Partimizin konuya ilişkin geçmiş değerlendirmelerini, ‘93 Mart’ndaki gelişmeler üzerine ‘93 Nisan’ında kaleme alınmış bu pasajlarla noktalıyoruz. Sonraki döneme ait (özellikle de ‘95 Mart’ında toplanan EKİM 3. Genel Konferansında yapılan) temel önemdeki değerlendirmelere girmiyoruz. Zira sonraki süreç, kritik yol ayrımında yapılan bu değerledirmeleri doğrular şekilde seyretmiş ve gelip İmralı duruşmalarında ortaya konulan teslimiyet platformuna varmıştır. Geçmeden belirtelim ki, ‘97 yazında verilen ve Ulusal Sorun ve Devrim başlığı altında kitaplaştırılan (H. Fırat, Eksen Yayıncılık) ulusal sorun konulu konferansta, o güne kadarki sürecin marksist açıdan kapsamlı bir değerlendirmesi yapılmakta ve bu sürecin bilançosu çıkarılmaktadır. Son gelişmeler ışığında bugün bu kitap apayrı bir önem ve anlam kazanmıştır. Zira bu kitapta yalnızca “yol ayrımı”nda girilen reformist yolun kapsamlı bir eleştirisi ile yetinilmemekte, öteki yolun, devrimci çözüm yolunun anlamı, gerekleri ve imkanları da ayrıntılı olarak çözümlenip ortaya konulmaktadır.

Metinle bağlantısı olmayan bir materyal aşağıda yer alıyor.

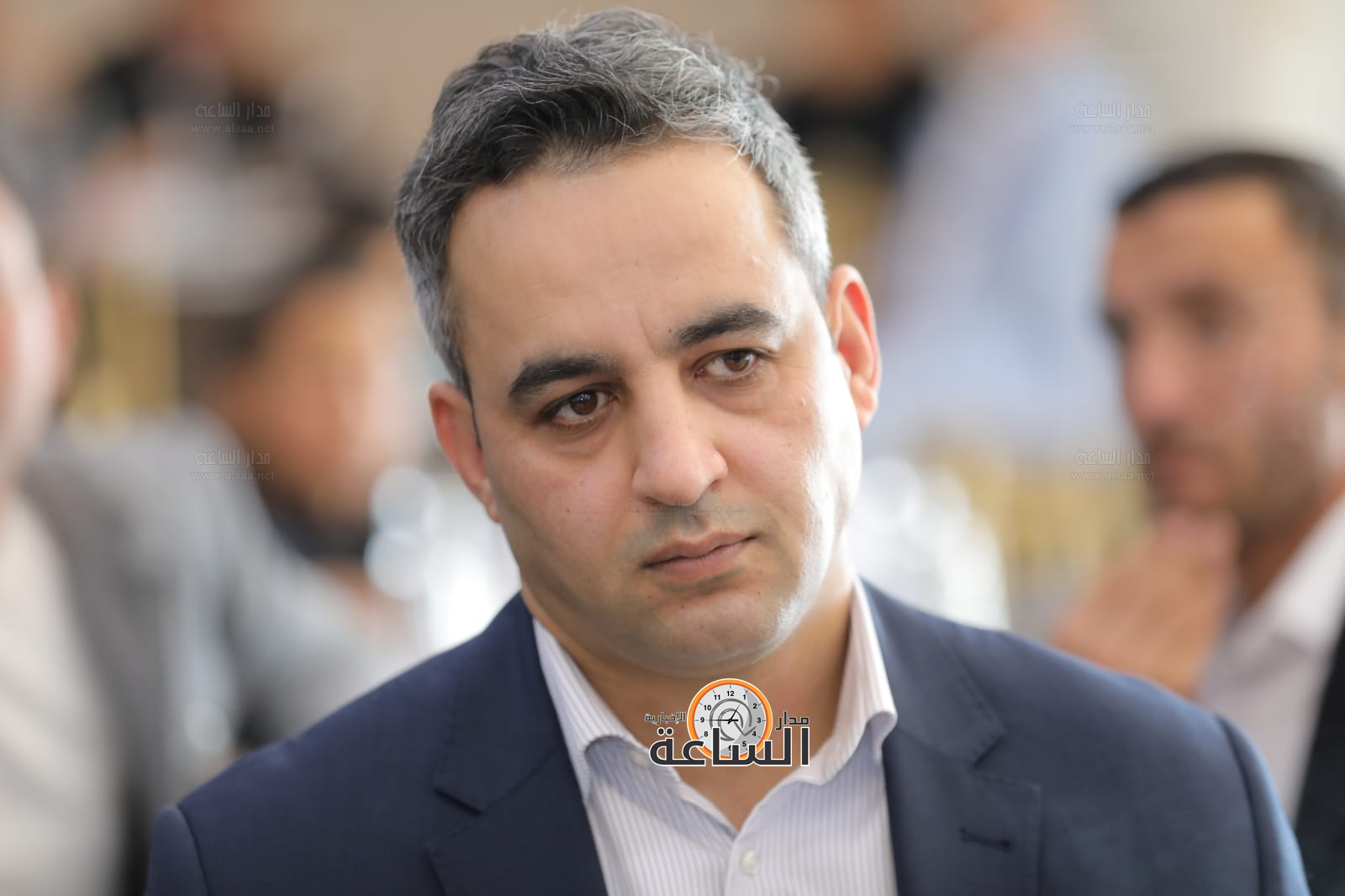 Madar Al-Saa Images 0.37608151049702854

Ayrışma ve yeniden saflaşma
nesnel bir zorunluluktur

Her gerçek devrimci ulusal özgürlük mücadelesinin şaşmaz biçimde baş hedefi olması gereken emperyalizmi bir çözüm etkeni olarak gören çizgi, Kenya komplosu ile birlikte trajik bir hüsranla noktalandı. Bu olay yanlış çizgiden dönmek için gerçek bir dönüm noktası işlevi görebilirdi. Bu ise ancak son 6-7 yıldır izlenen “siyasal çözüm” çizgisinin kapsamlı bir sorgulamaya tabi tutmak, ve Kürt burjuvazisinden kopmayı göze almakla olanaklıydı. Komünistler Kenya komplosunun hemen ertesi günü kaleme alınan değerlendirmelerinde Kürt hareketinin “bu bedeli ağır dersten gerekli sonuçları bir an önce çıkarmaya” çağırarak şunları söylemişlerdi:

“Kürt hareketi bugün yeniden bir yol ayrımındadır. Ya yaşanan sürecin artık çıplak gözle görülebilir hale gelen derslerini gözeterek ve bir çıkmaz yol olan reformcu çözüm arayışlarını terkederek yeniden devrime yönelecek; bunun gerektirdiği stratejik-politik açılımları yaparak çözümü Türk ve Kürt işçi ve emekçilerinin birleşik devrimci mücadelesinde arayacaktır. Ya da daha geri bir mevziye çekilerek yine ‘siyasal çözüm’ peşinde koşacak, daha açıkçası, emperyalist komplolarla hedeflenen amaçlardan biri olan teslimiyet çizgisine doğru yeni adımlar atacaktır.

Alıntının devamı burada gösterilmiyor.